Both paths generate an annotated training template. Edit `src/main.rs` to
build your model:
```rust
use flodl::*;
let model = FlowBuilder::from(Linear::new(2, 16)?)
.through(GELU)
.through(LayerNorm::new(16)?)
.also(Linear::new(16, 16)?) // residual connection
.through(Linear::new(16, 2)?)
.build()?;
let params = model.parameters();
let mut optimizer = Adam::new(¶ms, 0.01);
model.train();
for (input_t, target_t) in &batches {
let input = Variable::new(input_t.clone(), true);
let target = Variable::new(target_t.clone(), false);
let pred = model.forward(&input)?;
let loss = mse_loss(&pred, &target)?;
optimizer.zero_grad();
loss.backward()?;
clip_grad_norm(¶ms, 1.0)?;
optimizer.step()?;
}
```
## The Graph Builder
floDl's fluent graph builder lets you describe complex architectures as
readable data flow — no boilerplate, no `nn.Module` subclassing.
```rust
let model = FlowBuilder::from(Linear::new(2, 16)?)
.through(GELU) // activation
.through(LayerNorm::new(16)?) // normalization
.also(Linear::new(16, 16)?) // residual connection
.through(Linear::new(16, 2)?) // output projection
.build()?;
```
`build()` returns a `Graph` that implements `Module` — you can nest it
inside other graphs.

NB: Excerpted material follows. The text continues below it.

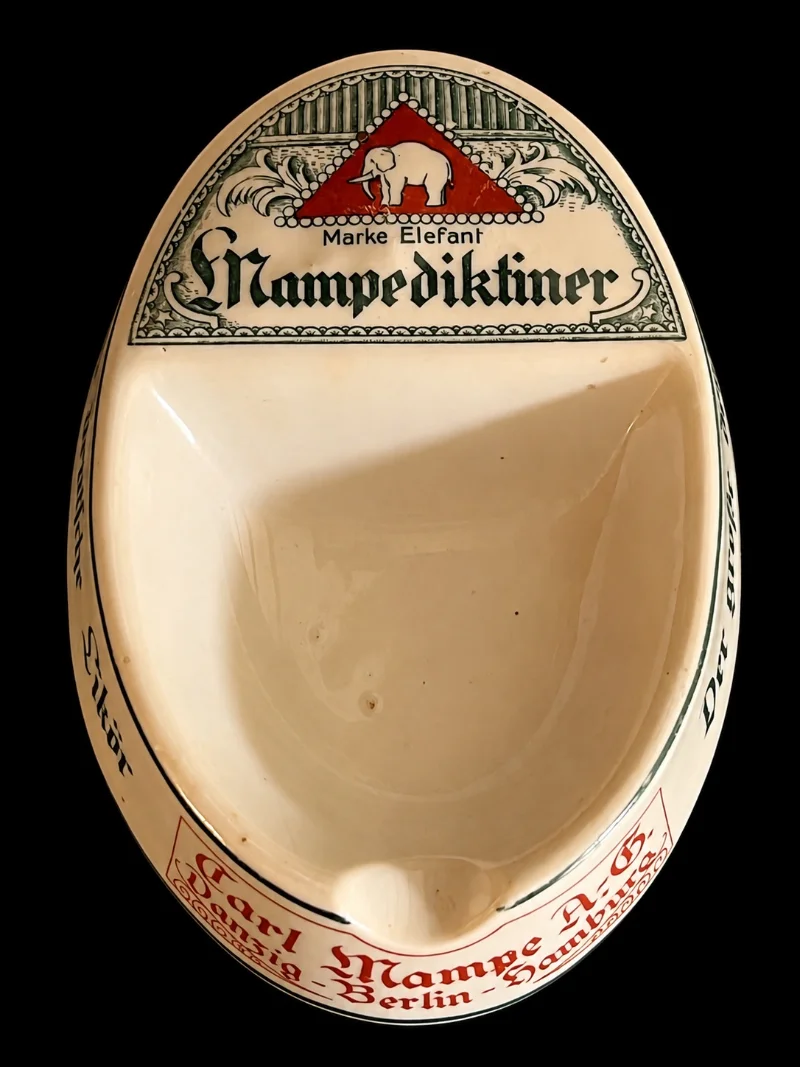 Porzellan-Aschenbecher um 1930 — Exhibit No. b15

Things get interesting when architectures get complex:
```rust
let g = FlowBuilder::from(encoder).tag("encoded")
.split(modules![head_a, head_b, head_c]).merge(MergeOp::Mean)
.loop_body(refinement_block).for_n(3).tag("refined")
.gate(router, modules![expert_a, expert_b]).using(&["encoded"])
.switch(selector, modules![light_path, heavy_path]).using(&["refined"])
.through(StateAdd).using(&["memory"]).tag("memory")
.loop_body(decoder).while_cond(halt_condition, 10)
.through(output_head)
.build()?;
```
Every construct — `split/merge`, `also`, `loop_body`, `gate`, `switch`, `map`,
`tag/using` — composes cleanly. Forward references (`using` before `tag`) carry
state across calls, enabling recurrent architectures without special-casing.
| `from(m).through(m)` | Linear chain |
| `also(m)` | Residual: `input + m(input)` |
| `fork(m)` | Side branch: capture output as tag, stream continues |
| `split(modules![...]).merge(op)` | Parallel branches, merged by `Add` or `Mean` |
| `tag(name)` / `using(refs)` | Named references — backward or forward (across calls) |
| `loop_body(body).for_n(n)` | Fixed iteration with BPTT |
| `loop_body(body).while_cond` / `until_cond` | Conditional loops |
| `gate(router, modules![...])` | Soft routing — weighted combination |
| `switch(selector, modules![...])` | Hard routing — only selected branch |
| `map(body).each()` / `.over(tag)` / `.slices(n)` | Element-wise, tagged, or sliced iteration |
| `input(names)` | Auxiliary graph inputs for multi-input architectures |
See the **[Graph Builder Tutorial](https://github.com/fab2s/floDl/blob/main/docs/tutorials/05-graph-builder.md)** and
the [full showcase](https://github.com/fab2s/floDl/tree/main/flodl/examples/showcase/).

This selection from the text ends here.